Problem: The pictures in the listing below are to be skipped, while the lines between the line holding "KEEP CALM AND" and the line holding "Black brush strokes", inclusive, are to be output exactly.

Data supplied:
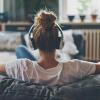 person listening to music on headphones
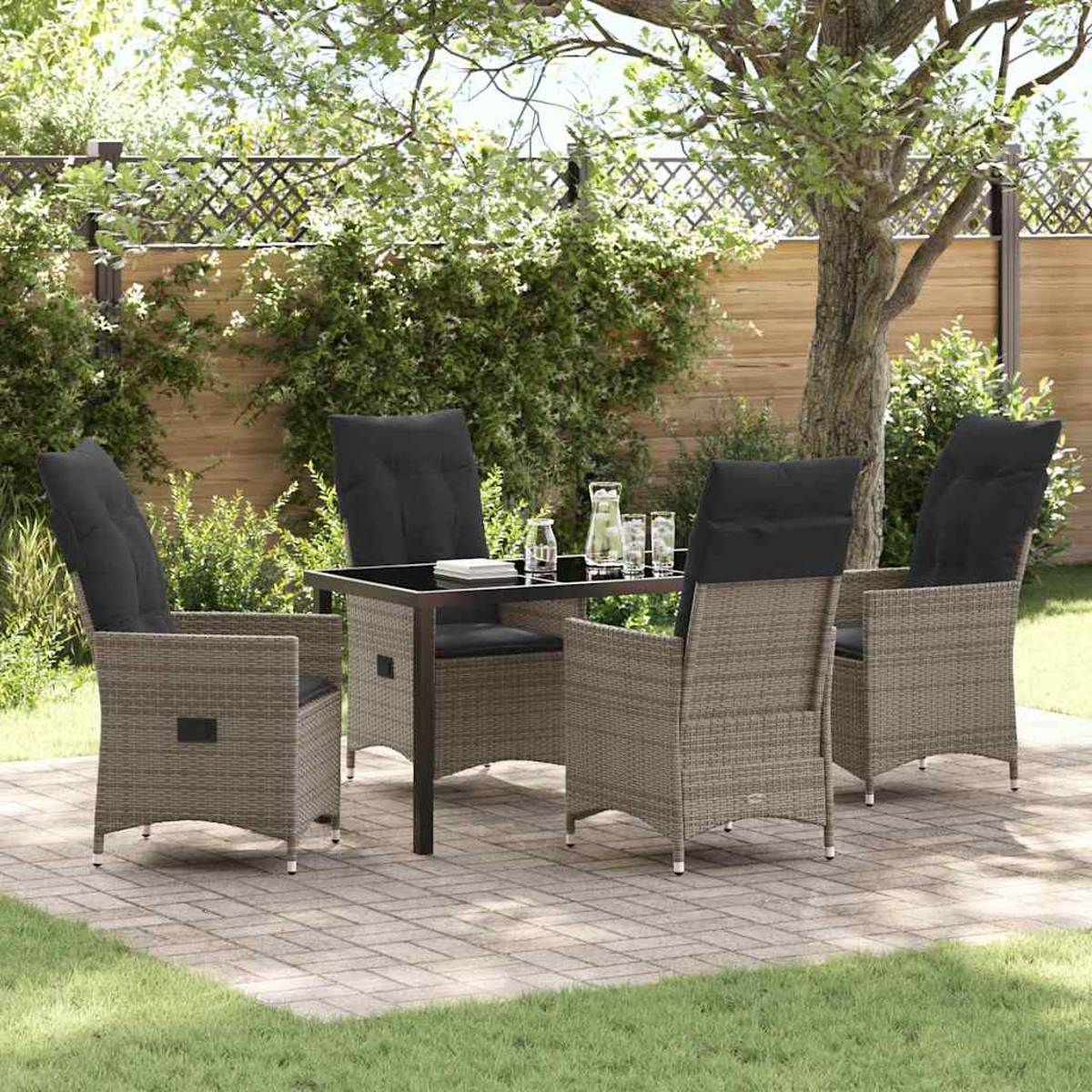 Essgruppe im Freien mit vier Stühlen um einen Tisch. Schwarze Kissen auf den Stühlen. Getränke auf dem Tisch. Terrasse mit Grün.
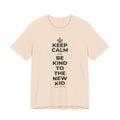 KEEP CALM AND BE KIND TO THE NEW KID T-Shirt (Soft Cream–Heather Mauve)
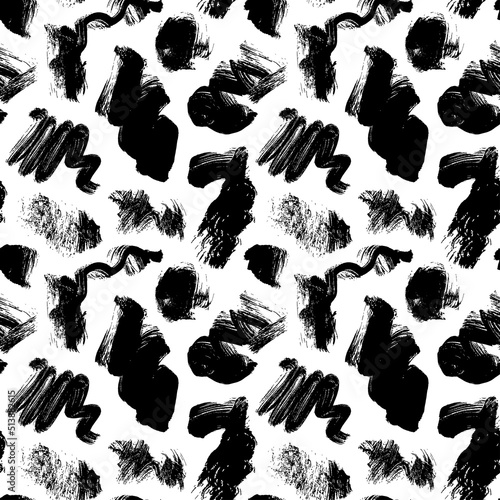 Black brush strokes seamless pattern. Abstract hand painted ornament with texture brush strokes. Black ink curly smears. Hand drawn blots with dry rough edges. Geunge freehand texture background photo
--
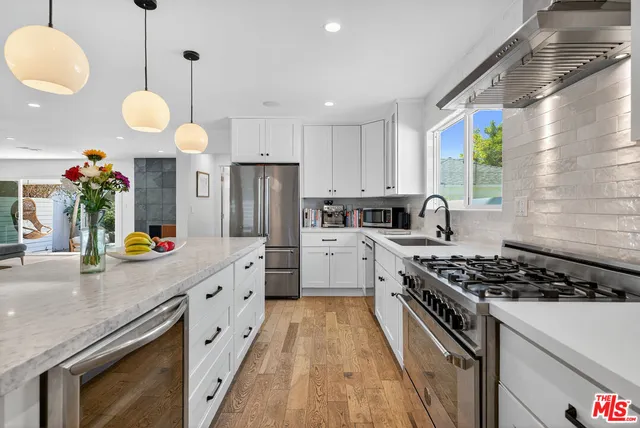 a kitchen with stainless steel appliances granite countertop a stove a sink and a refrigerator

Reply to the exercise:
 KEEP CALM AND BE KIND TO THE NEW KID T-Shirt (Soft Cream–Heather Mauve)
 Black brush strokes seamless pattern. Abstract hand painted ornament with texture brush strokes. Black ink curly smears. Hand drawn blots with dry rough edges. Geunge freehand texture background photo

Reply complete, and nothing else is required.